Here's an excerpt from a very interesting new paper by Doug Irwin and Anson Soderbery:
What objective is a government trying to achieve in setting import tariffs? ... what factors would drive government behavior in the absence of such agreements when countries have complete autonomy in setting tariff rates? It could be for purely domestic reasons, partly based on social welfare and partly based on industry influence, as in the Grossman and Helpman (1994) "protection for sale" model. Or it could be the desire to impose optimal tariffs that maximize the national advantage through terms-of-trade manipulation. It is difficult to answer this question because the existence of cooperative trade agreements in recent decades does not allow us to observe unconstrained, non-cooperative trade policies by major countries such as the United States that might have both a terms-of-trade motive for tariffs and also be susceptible to producer and consumer interests. ...

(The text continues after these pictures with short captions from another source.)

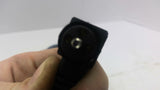 Baumer ES 12.5 Series Sensor Coreset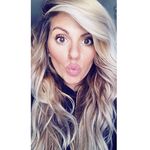 Profile Picture of Jess stumphf/BeautyAfterCancer (@_beautiful.warriors_) on Instagram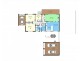 11 Hart Crescent, Bega NSW 2550 Floorplan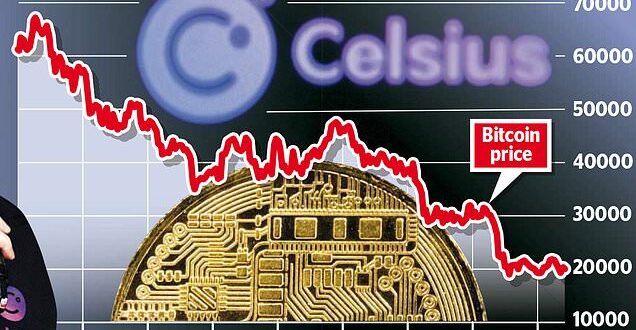 celsius-goes-bust-in-‘lehman-moment’-for-cryptocurrency-industry-–-this-is-money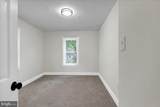 505 Kentucky Avenue - Photo 24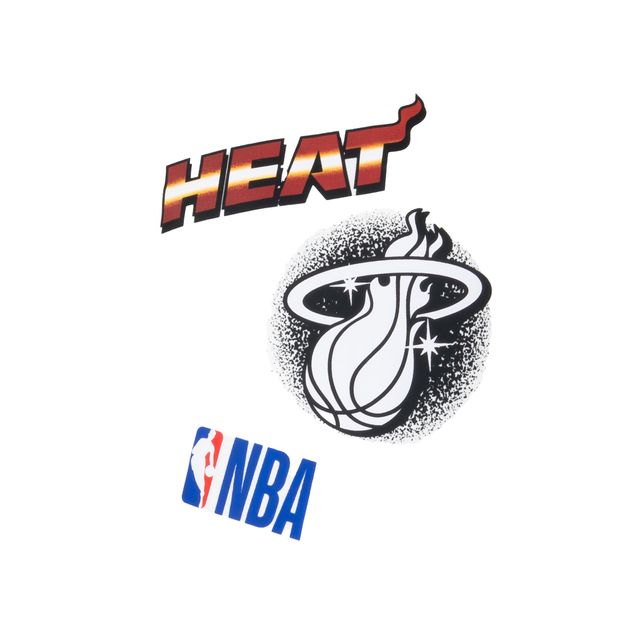 Playera-Nba-Heat-Juvenil-Nbats324204Wh3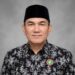 Ⓒ Hak cipta foto di atas dikembalikan sesungguhnya kepada pemilik foto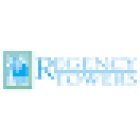 Regency Towers Condo Rentals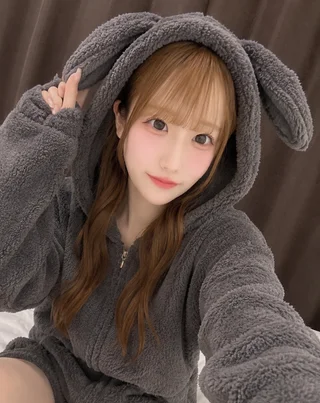 えな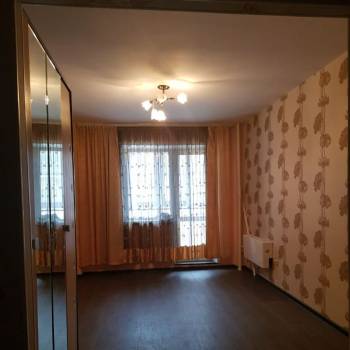 Продается 2-х комнатная квартира, 45,5 м²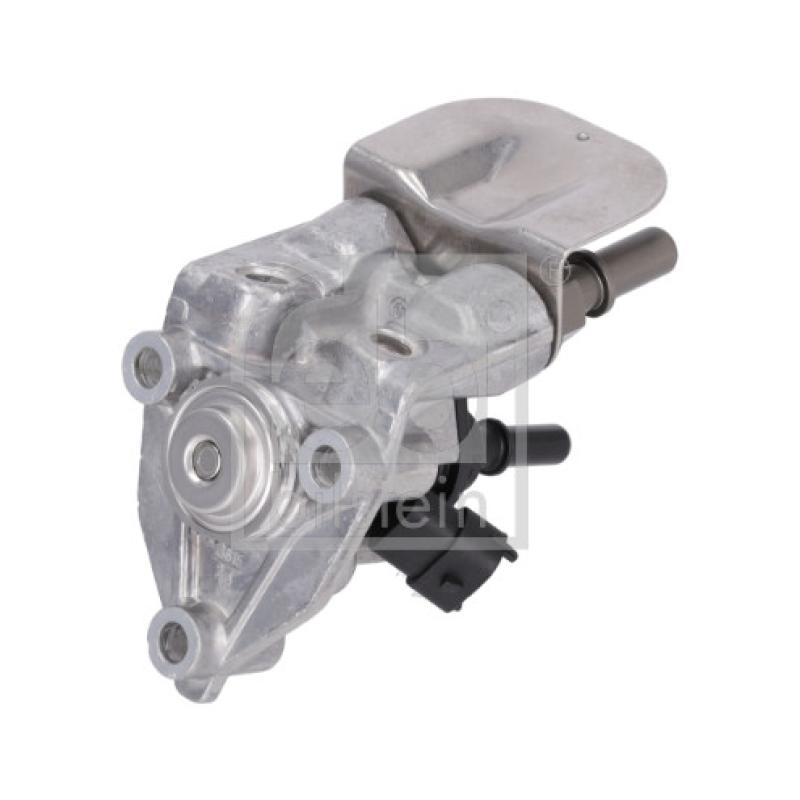 Module de dosage, injection d'urée FEBI BILSTEIN 196917 - Visuel 1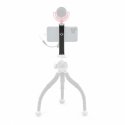 Joby GripTight Kiinnityspuristin Joby GripTight Kiinnityspuristin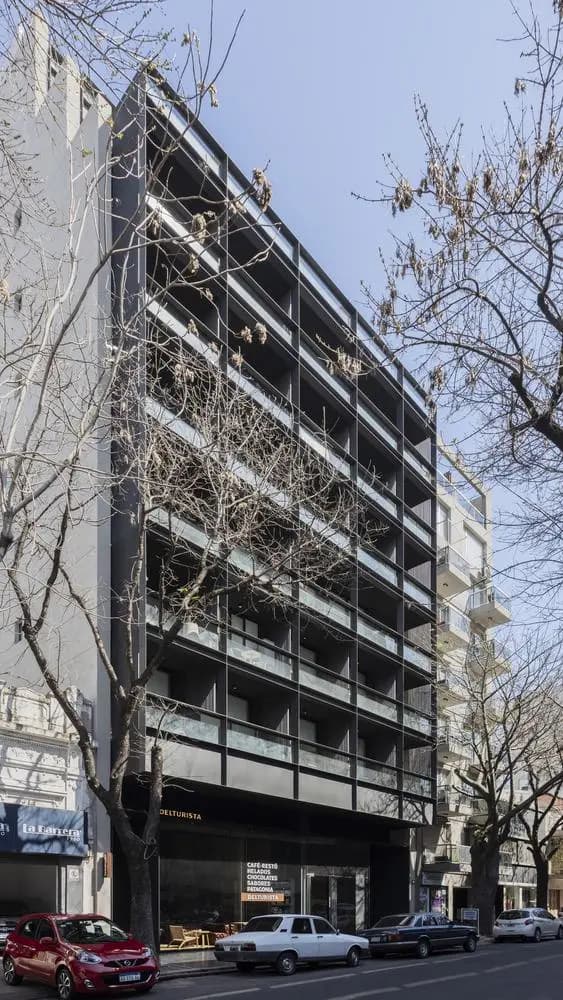 Imagen del emprendimiento PLAN H - Soler 5650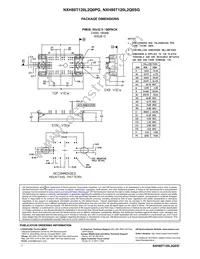 NXH80T120L2Q0SG Datasheet Page 15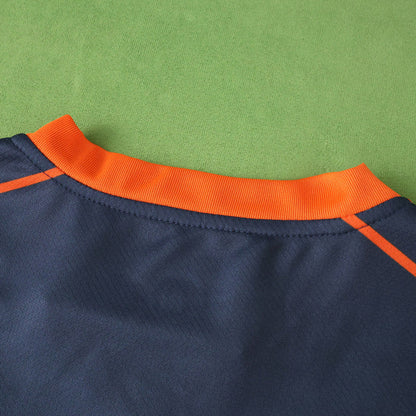 Inter Milan Third Jersey 25/26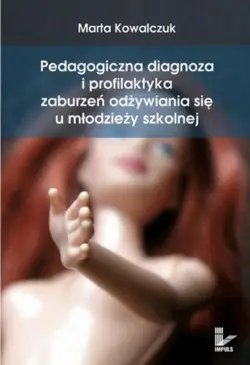 Pedagogiczna diagnoza i...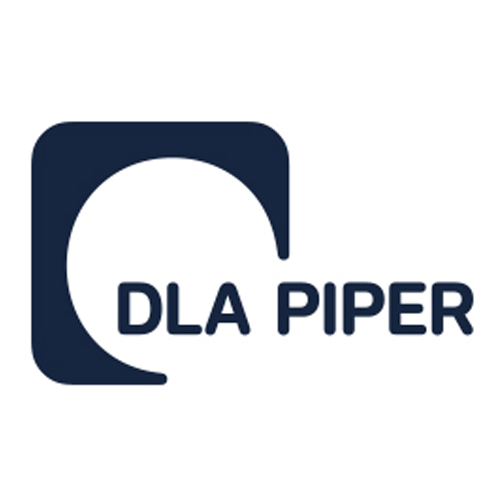 DLA Piper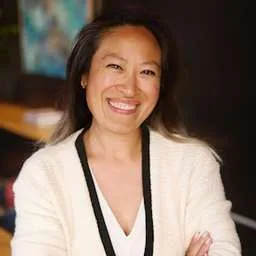 Katherine Chan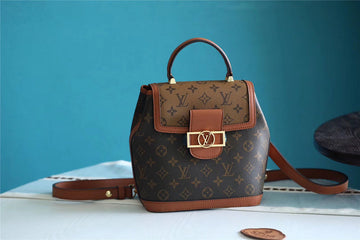 MLB - LOV Bags - 052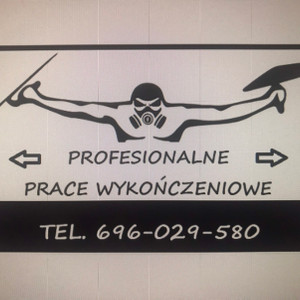 FastFinish- Profesionalne Prace Wykonczeniowe 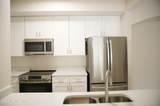 10075 Gate Parkway - Photo 17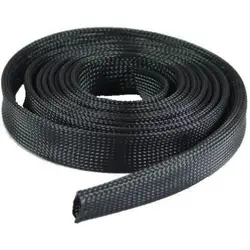T.H. Marine-FLX-125-DP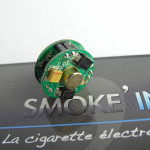 Kick Smok Kick Smok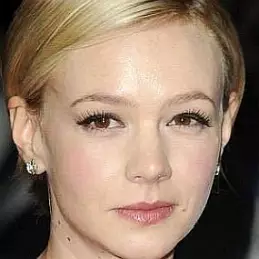 Carey Mulligan net worth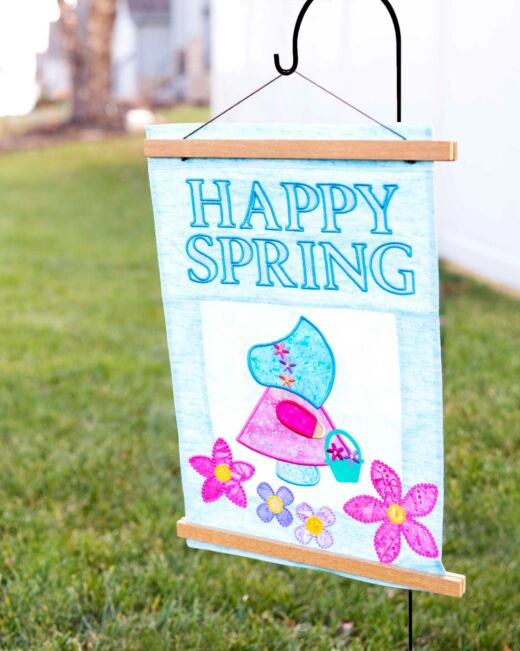 pq12071-happy-spring-garden-banner_lifestyle_web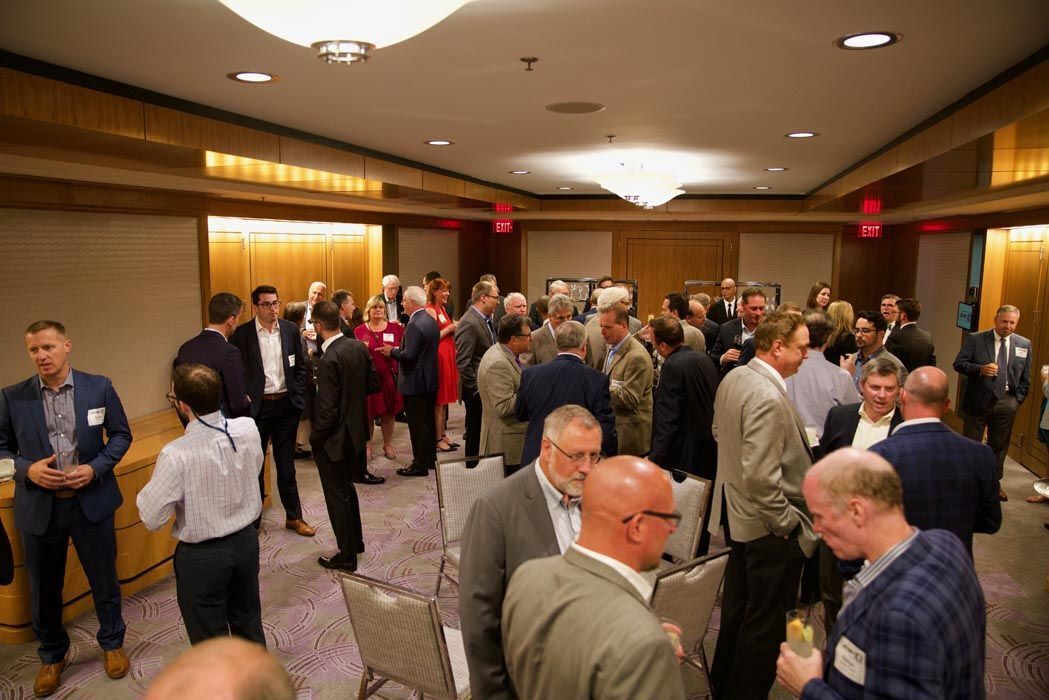 A Look Back at Our 2018 Summit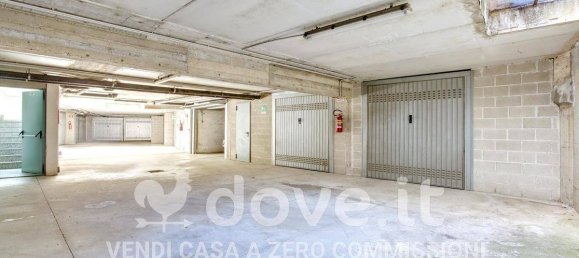 2 Schlafzimmer Wohnung in Maccagno con Pino e Veddasca, Italy, Nr. 300610 30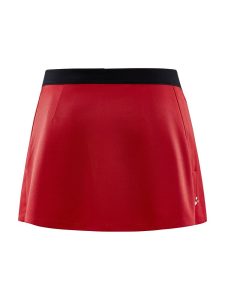 1910952-430000_Squad20Skirt20Jr_Back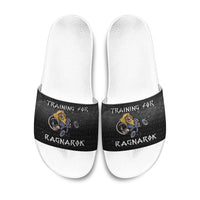 viking-slide-sandals-training-for-ragnarok-slide-sandals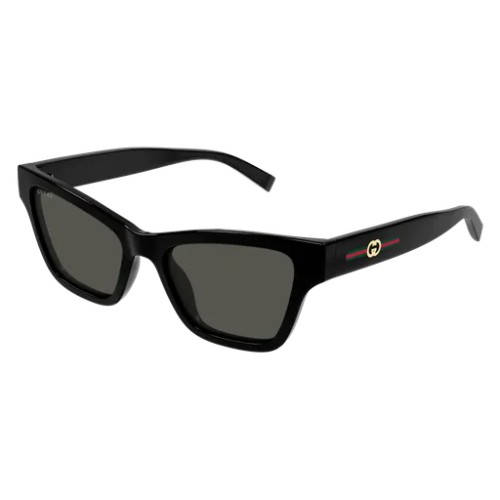 Gucci - Sonnenbrillen - GG1982S - 001 - 53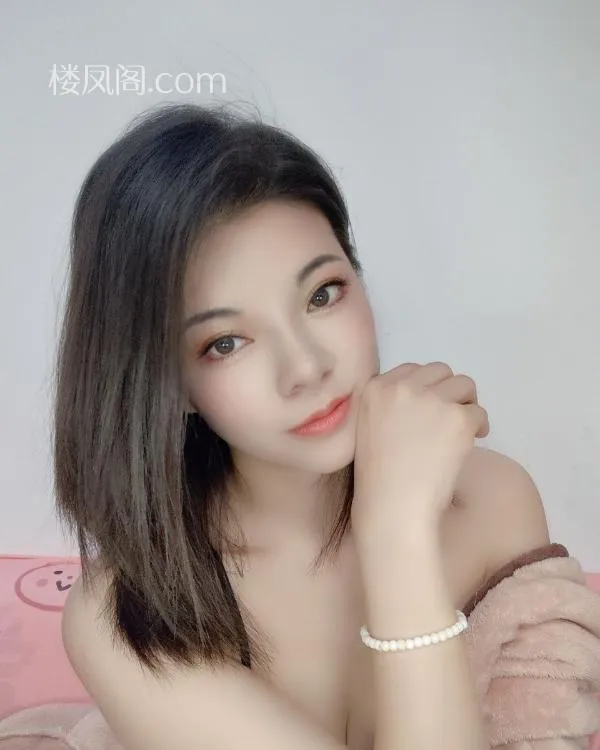 深圳-宝安曼妮老师- 附近嫩妹兼职上门服务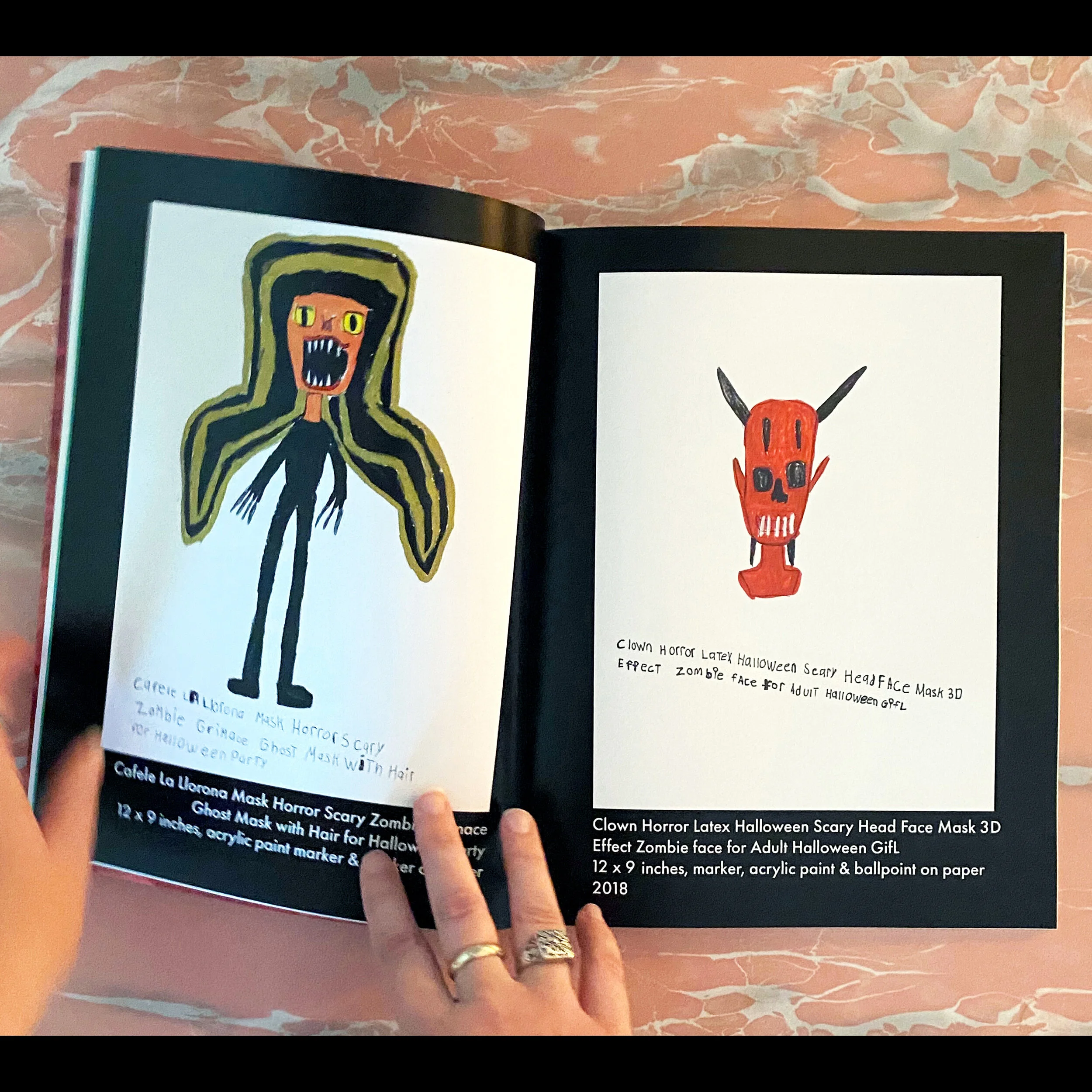 book page turning FOR WEB 4.jpg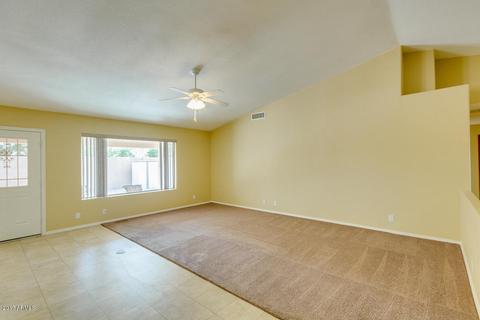 11021 E Nell Ave, Mesa, AZ 85209 photo 8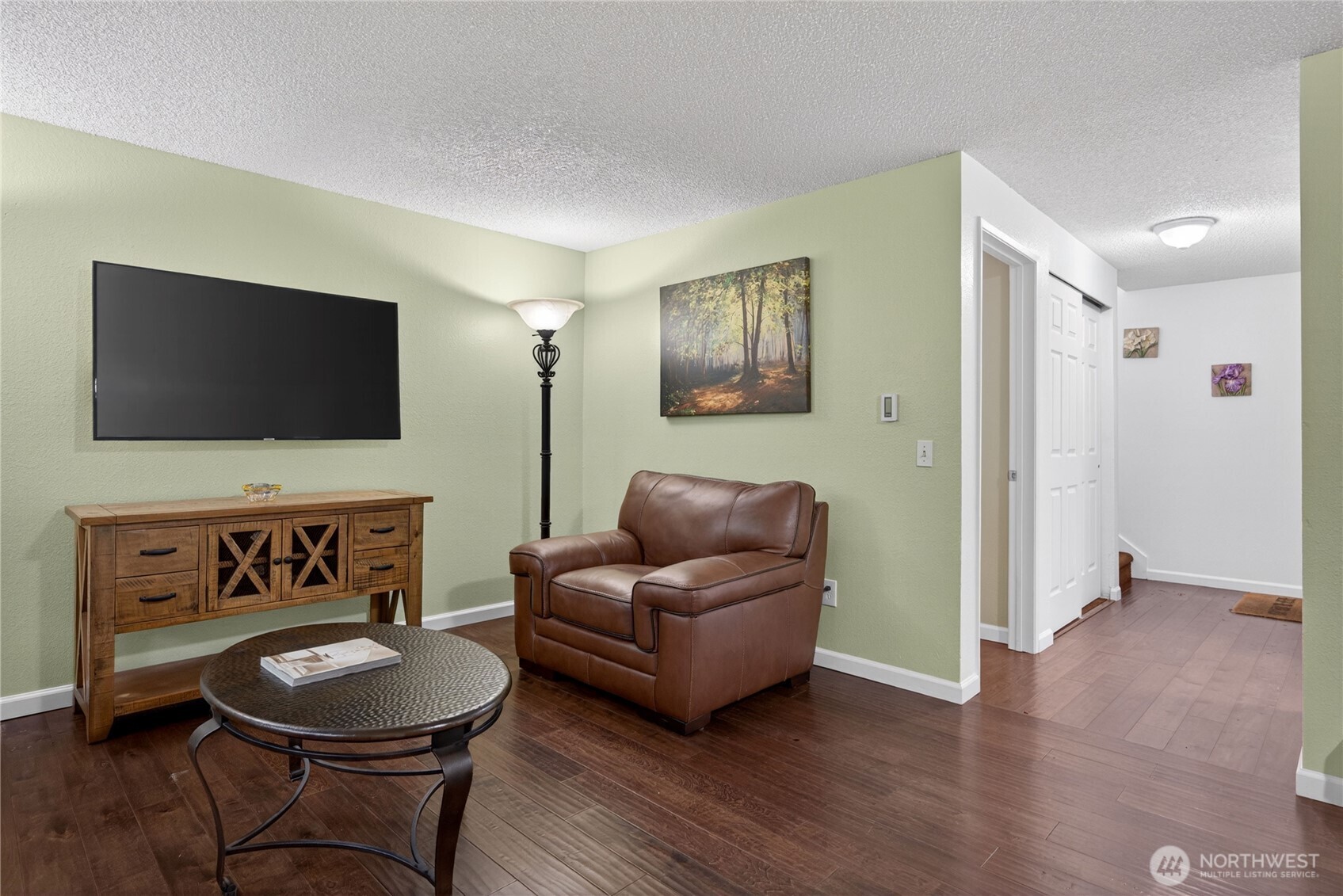 10037 Ne 138th Place D2 Property Photo 12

This paper seeks to shed light on non-cooperative tariff setting in a large country by looking at the United States in a unique historical period when its tariff policy was unconstrained by international agreements and was therefore set purely for domestic reasons, not in multilateral negotiations. We focus on the late 1920s and early 1930s, around the time of the Smoot-Hawley tariff of 1930, a period when tariffs were the only major instrument of trade policy (import quotas were not yet employed) and industry lobbying was fairly transparent as revealed in the Congressional hearings on the tariff schedule. At the same time, as the world’s largest economy, the United States was likely to have had market power vis-a-vis imports and therefore may have benefited from an optimal tariff in the absence of retaliation. The availability of highly detailed import data allows us to estimate trade elasticities at what today would be considered the 4-digit level. Thus, in this historical period when the U.S. policymakers (members of Congress) had complete discretion in setting tariffs, we can examine whether tariffs were set on the basis of market power (trade elasticities) or domestic political factors (industry lobbying) and to determine the relative weights placed on both.
... We find that the median (inverse) export supply elasticity implies a median optimal tariff of 14 percent and that there is a weak but positive relationship between the implied optimal and actual applied tariff. In Section 4 we introduce lobbying and find that these political-economy determinants of tariffs slightly dominate the terms of trade factors in explaining the pattern of tariffs across goods. We also decompose the applied tariffs into lobbying and terms of trade components, suggesting that about half of the tariff level is due to firm lobbying with the remainder split between worker lobbies and terms-of-trade factors.
Over on Twitter, I asked Doug this question: "In cases where the tariff was an optimal one, do you think that was more a result of skilled calculation or dumb luck?" His response was: "Knowing what I know about the political process, luck! US didn't impose tariffs on coffee, silk, etc where arguably there would have been a terms of trade gain because there was no industry lobbying for tariffs."